If you look at example 1 below, it is a 4x4 matmul z = torch.matmul(x, y), and it is a situation where nan should be output by accumulating +inf and inf.
But matrix output (z matrix) are all composed of +/inf.
example 1)
x = tensor([[ 1.2208e+38, 1.5069e+38, 3.4027e+37, 7.5471e+37],
[ 6.7193e+37, -9.0691e+37, -1.7984e+38, 1.5571e+38],
[-1.9089e+38, -1.7563e+37, 2.3544e+37, -9.8721e+37],
[-9.5343e+37, -5.0244e+37, -7.0133e+37, 2.2247e+37]])
y = Parameter containing:
tensor([[-9.2652e+36, -5.3796e+37, -7.5069e+37, 6.6170e+37],
[ 6.2397e+37, 1.1426e+38, -1.6466e+38, 2.9774e+38],
[-3.9087e+37, -5.1765e+36, 5.3396e+37, -2.4418e+38],
[-6.0303e+37, 7.8149e+37, 4.1132e+37, 1.4304e+37]],
requires_grad=True)
z = tensor([[-inf, -inf, -inf, inf],
[-inf, -inf, -inf, inf],
[inf, inf, inf, -inf],
[inf, inf, inf, -inf]], grad_fn=)
If you look at example 2 below, you can see that nan is output only when +/-inf is directly entered as input.
example 2)
x = tensor([[inf, -inf, inf, -inf],
[-inf, inf, inf, -inf],
[-inf, -inf, -inf, inf],
[inf, -inf, inf, inf]])
y = Parameter containing:
tensor([[inf, -inf, -inf, inf],
[-inf, -inf, -inf, inf],
[-inf, -inf, -inf, inf],
[-inf, inf, -inf, inf]], requires_grad=True)

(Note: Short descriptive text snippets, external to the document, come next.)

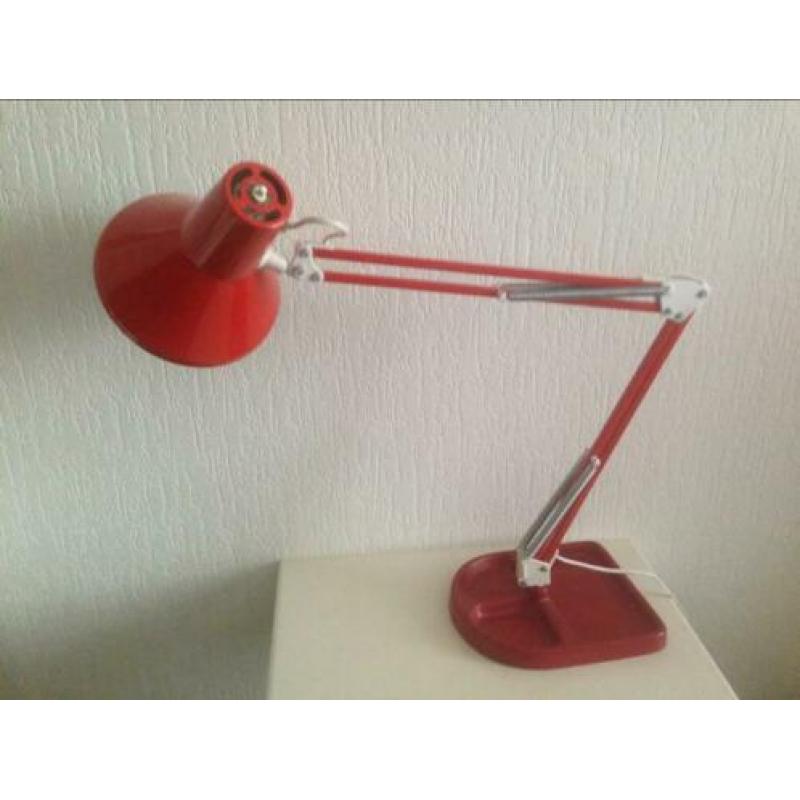 Retro vintage rode schaarlamp bureau lamp met voet 70's lamp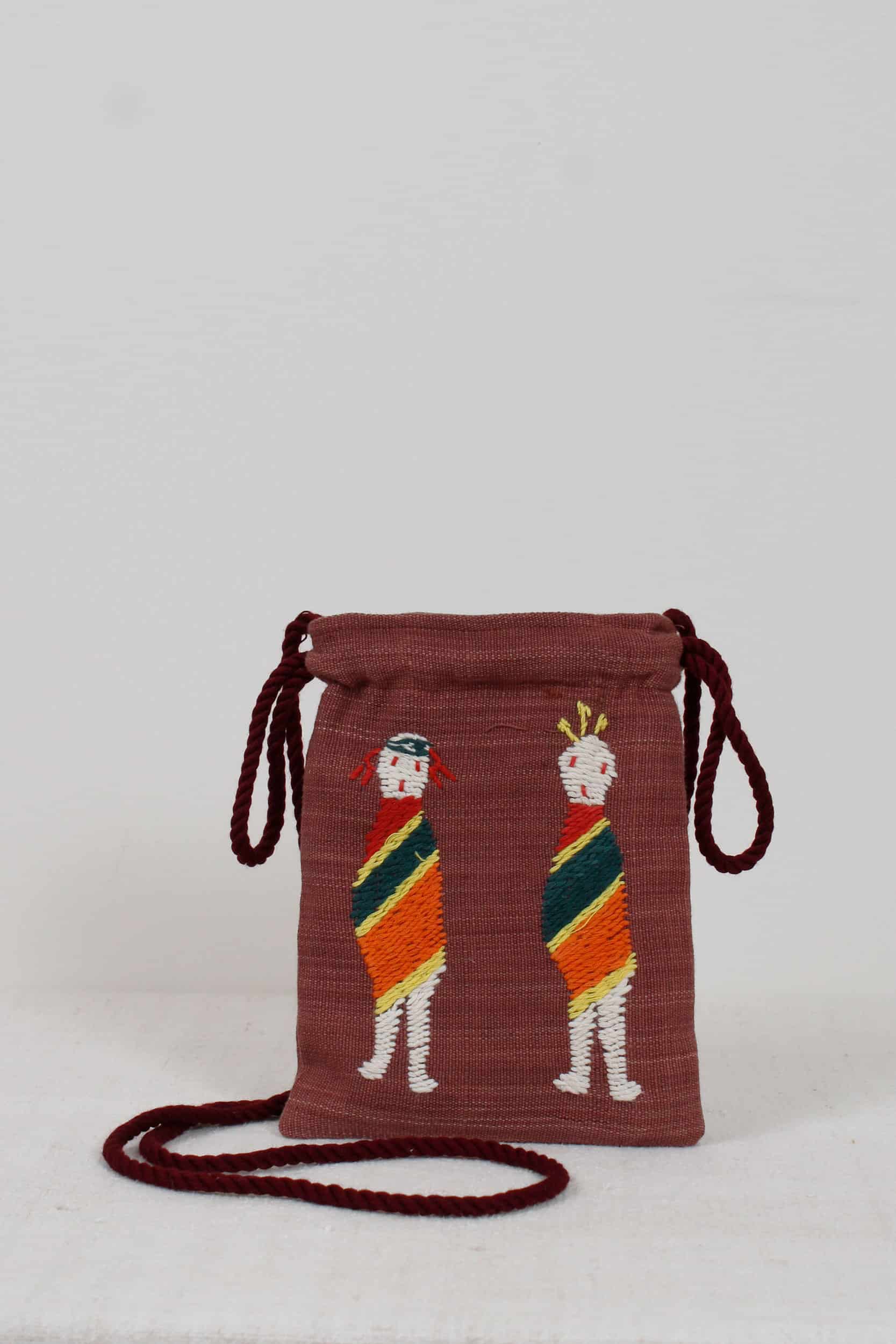 Two friends scene pouch bag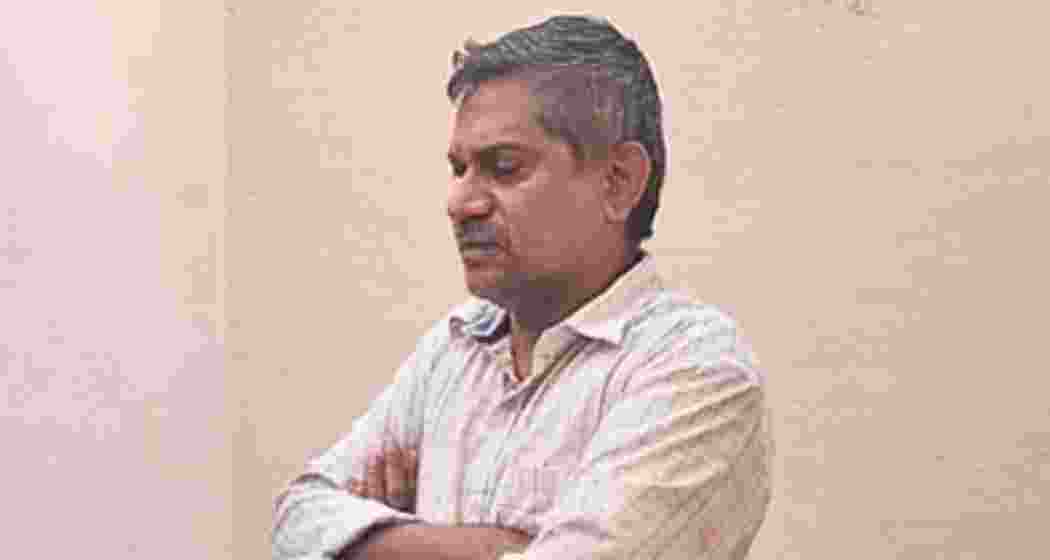 Accused Srinivas Louis in custody in Mysuru for allegedly sending over 1,100 fake bomb threats nationwide, triggering panic and prompting a multi-agency investigation.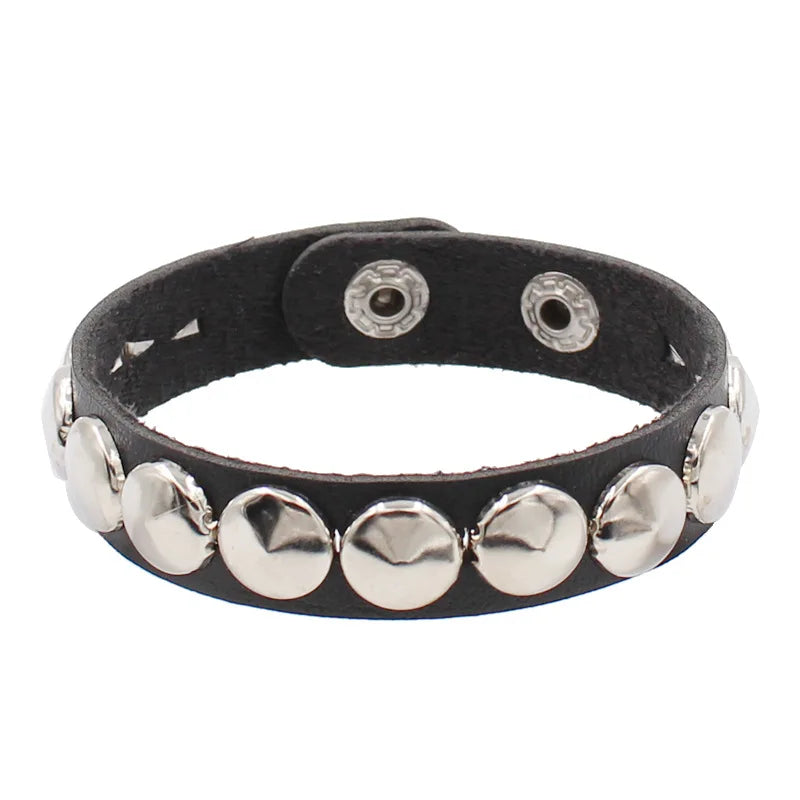 Vintage Lederarmbänder Punk Row Cuspidal Spikes Nieten Ohrstecker Breite Manschette PU Leder Punk Gothic Rock Unisex Goth Accessoires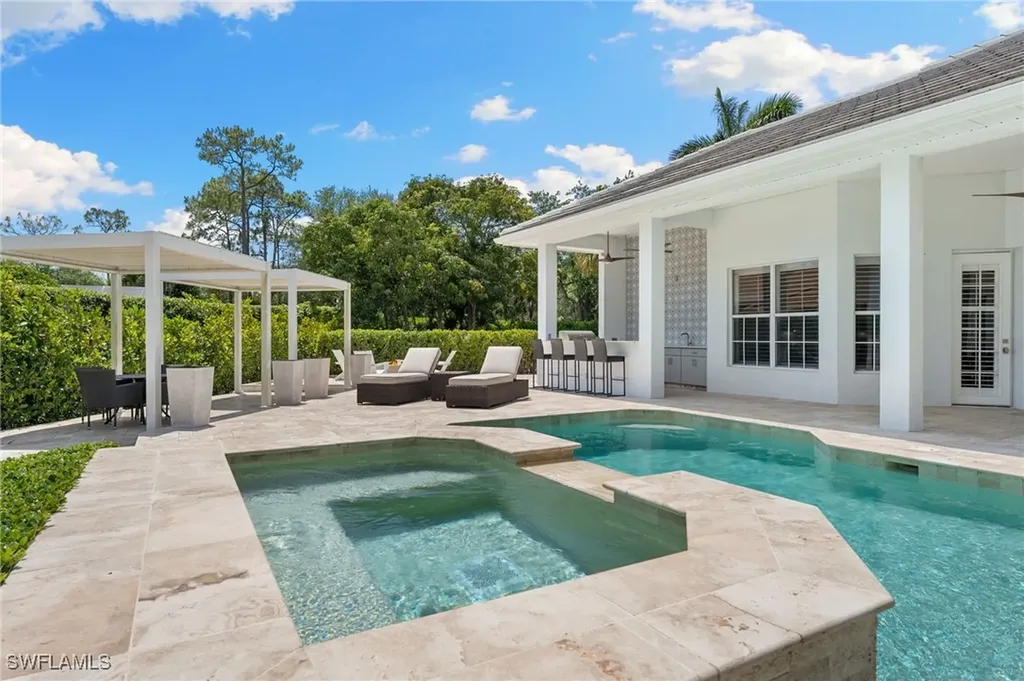2274 Hawksridge Drive Naples FL 34105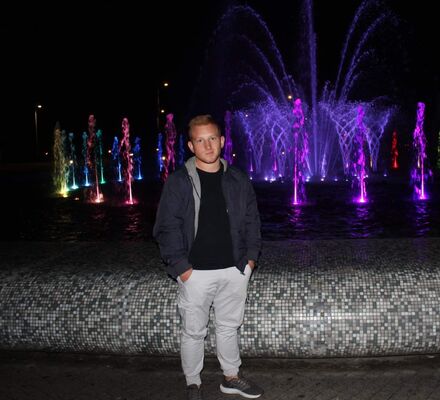  Warszawa,   Denis, 27 ,   c 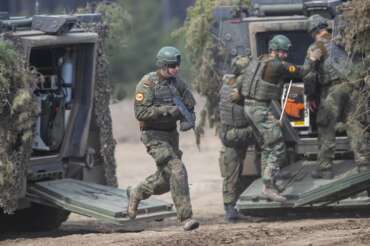 Francia e Germania, la corsa al riarmo e alla militarizzazione: Parigi e Berlino tentate dalla leva obbligatoria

z = tensor([[nan, nan, nan, nan],
[nan, nan, nan, nan],
[nan, inf, nan, nan],
[nan, nan, nan, nan]], grad_fn=)
This result is different from the numerical operations we know.
I would like to hear the opinion of who know about that problem.